Over the course of two posts, I’d like to provide an intuitive walk-through of a proof of the Bayesian central limit theorem (BCLT, aka the Bernstein-von Mises theorem). I think most statisticans can probably sketch the arguments leading to the asymptotic normality of the maximum likelihood estimator off the top of their head, but I suspect that few could do the same for the BCLT. I, at least, found a lot of the BCLT literature a bit intimidating and short on intuition. But there’s intuition to be had, and I’d like to take a stab at providing some of it.

I will focus on attributes of the posterior that can be expressed using posterior expectations, which includes both total variation distance (the most commonly used form of convergence) and series expansions of posterior means. My approach will be based principally on on the proof of Theorem 1.4.2 in the book Bayesian Nonparametrics by Ghosh and Ramamoorthi, though the elements are to some degree common to all the proofs of the finite-dimensional BCLT that I am aware of. In particular, the division into the three regions I will describe in the next post is, as far as I can am aware, the only game in town for the BCLT, though the precise details of how the regions are dealt with differ according to the need of the authors.

Again, my goal is not to reproduce the proof in full detail, but rather to sketch the intuition underlying it.

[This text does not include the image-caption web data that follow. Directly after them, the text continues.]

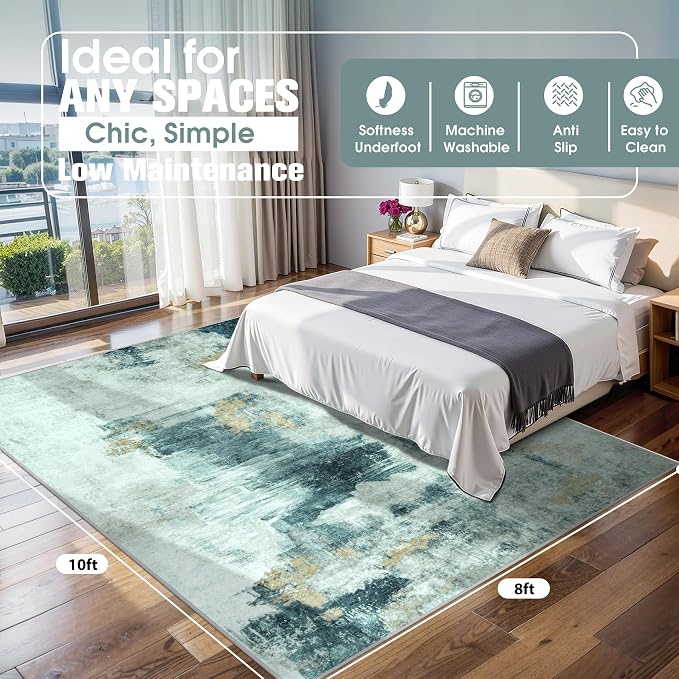 8x10 Area Rugs for Living Room Washable Bedroom Dining Room Teal Grey Gold | - Image 2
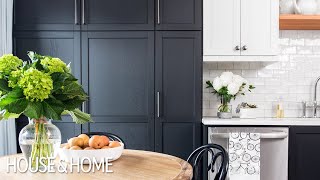 Small Kitchen Makeover Black amp White TwoTone Cabinets [upl. by Ravaj855]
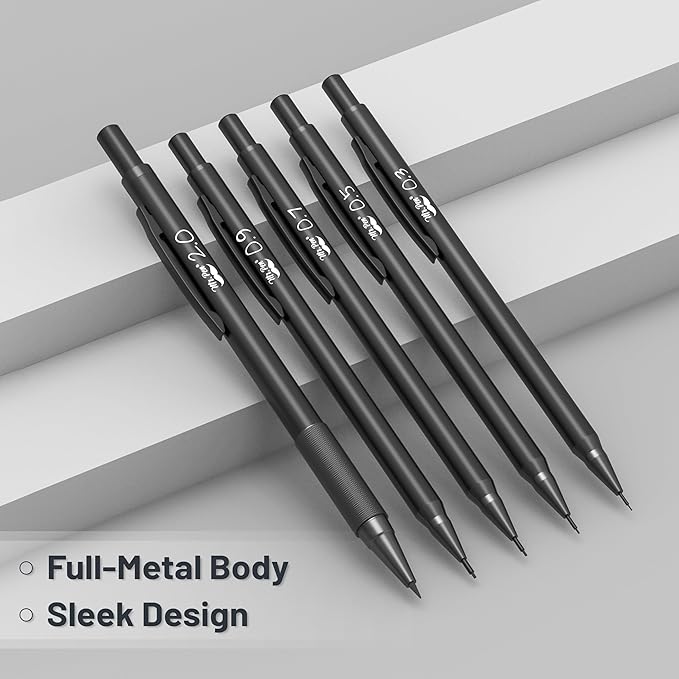 Mr. Pen- Metal Mechanical Pencil Set with Lead and Eraser Refills, 5 Sizes, Black, 0.3, 0.5, 0.7, 0.9, 2mm, Drawing Mechanical Pencils, Mechanical Pencil Metal, Drawing Pencils Mechanical (Pack of 2)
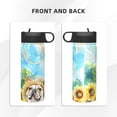 thumbnail image 3 of Fuzoiu French Bulldog Sunflowers Bubbles Print 18oz Insulated Sports Kettle, Outdoor Sport Gym Stainless Steel Water Bottle With Straw Lid, 3 of 8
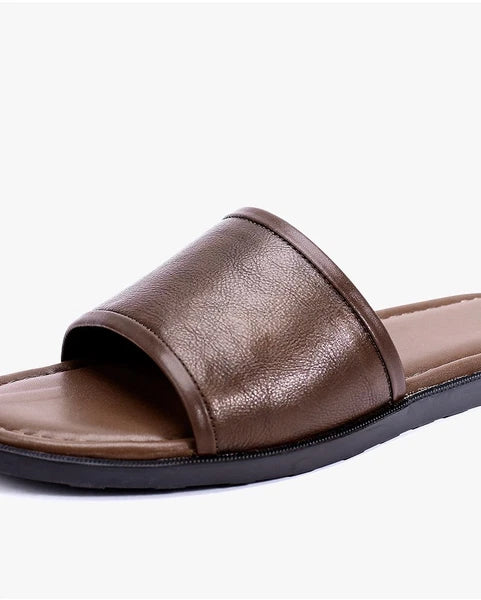 Roman Style Mens Open Toe Sandal Slippers Real Leather Flat Shoes Summer Outdoor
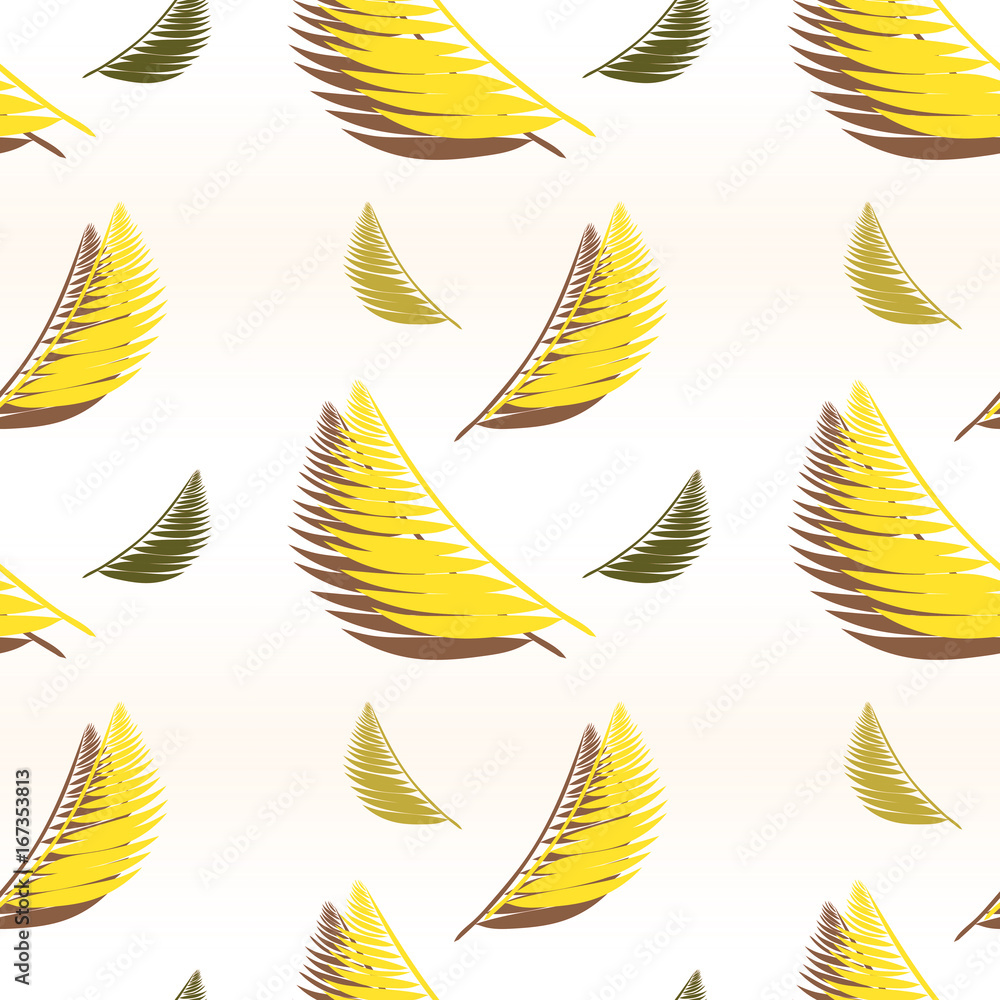 Simple seamless pattern with yellow leaves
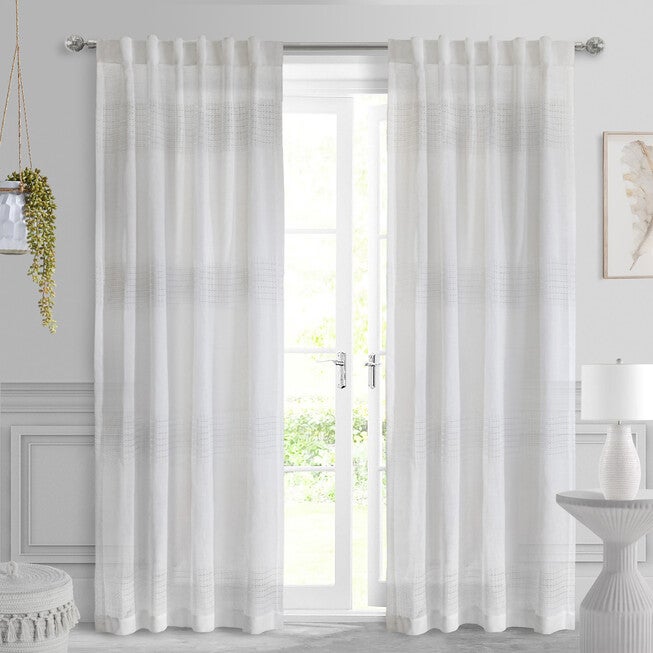 Lindsey Light Filtering Back Tab Curtain Panel, WHITE, hi-res image number 0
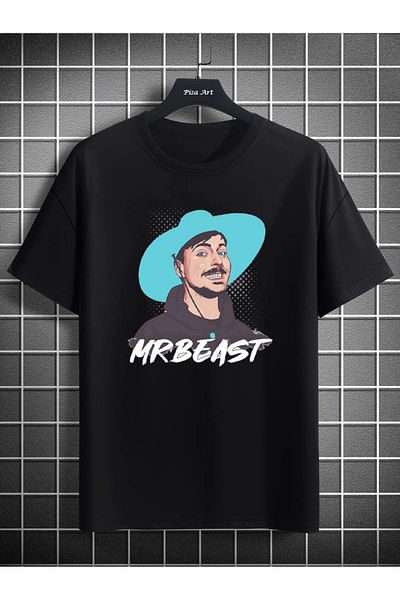 Pisa Art Μαύρο μπλουζάκι MR.Beast Oversize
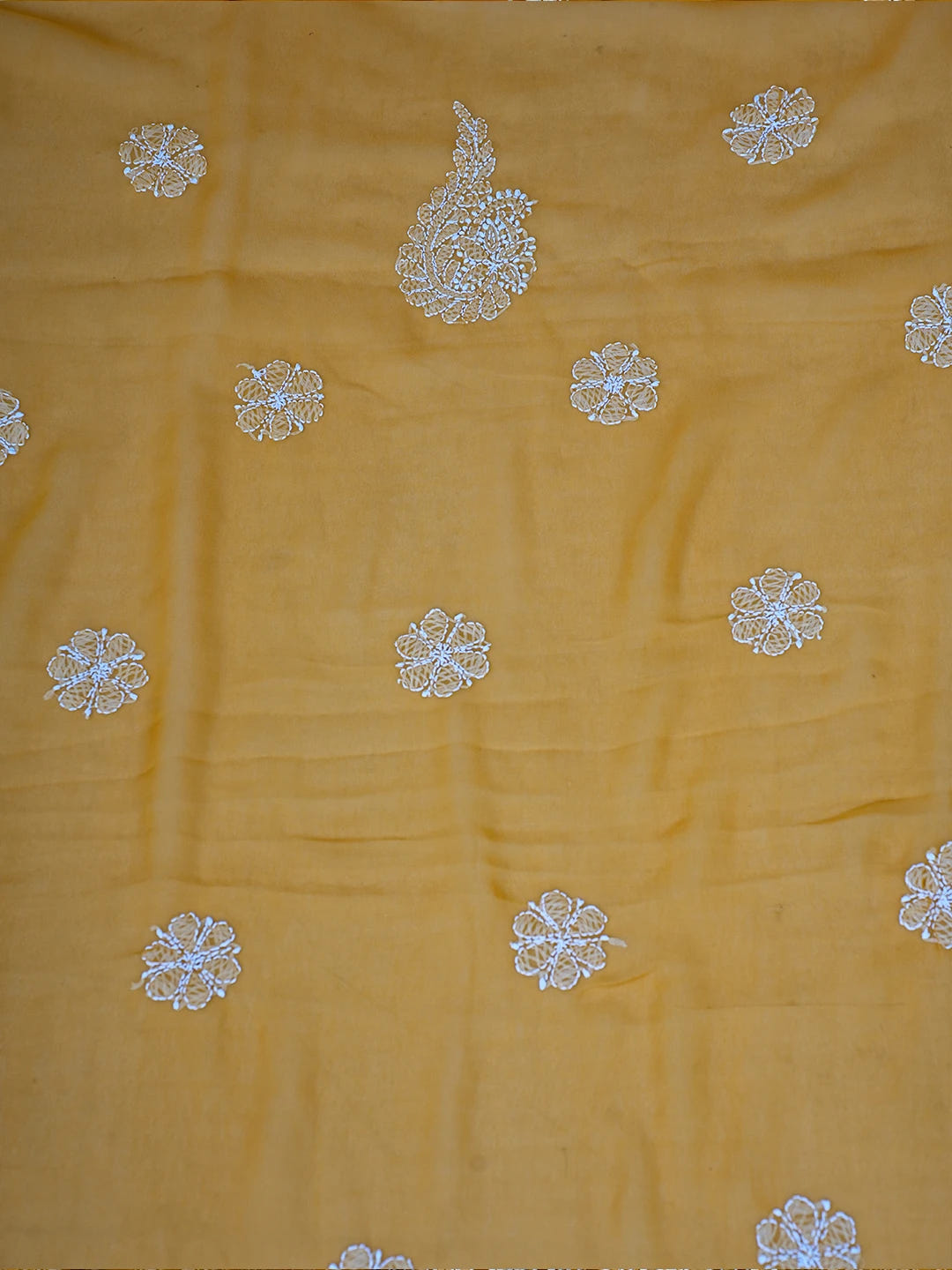Ada Hand Embroidered Mustard Georgette Lucknowi Chikankari Unstitched Suit Piece A211306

Consequently, I’ll be a little fast and loose about necessary conditions for standard asymptotic results, and will not always add qualifying filler like the phrase “under necessary regularity conditions.”

Throughout, I’ll assume we have independent and identically distributed (IID) data \(x=(x_1,\ldots,x_N)\), a parametric model \(p(x_n | \theta)\), and a prior density on the scalar parameter \(p(\theta)\) which is defined with respect to the Lebesgue measure. Idential arguments work with multivariate parameters where the Taylor series residuals are controlled by the integral form of the remainder rather than the mean value theorem. To avoid tedious notation, we’ll just focus on the scalar case.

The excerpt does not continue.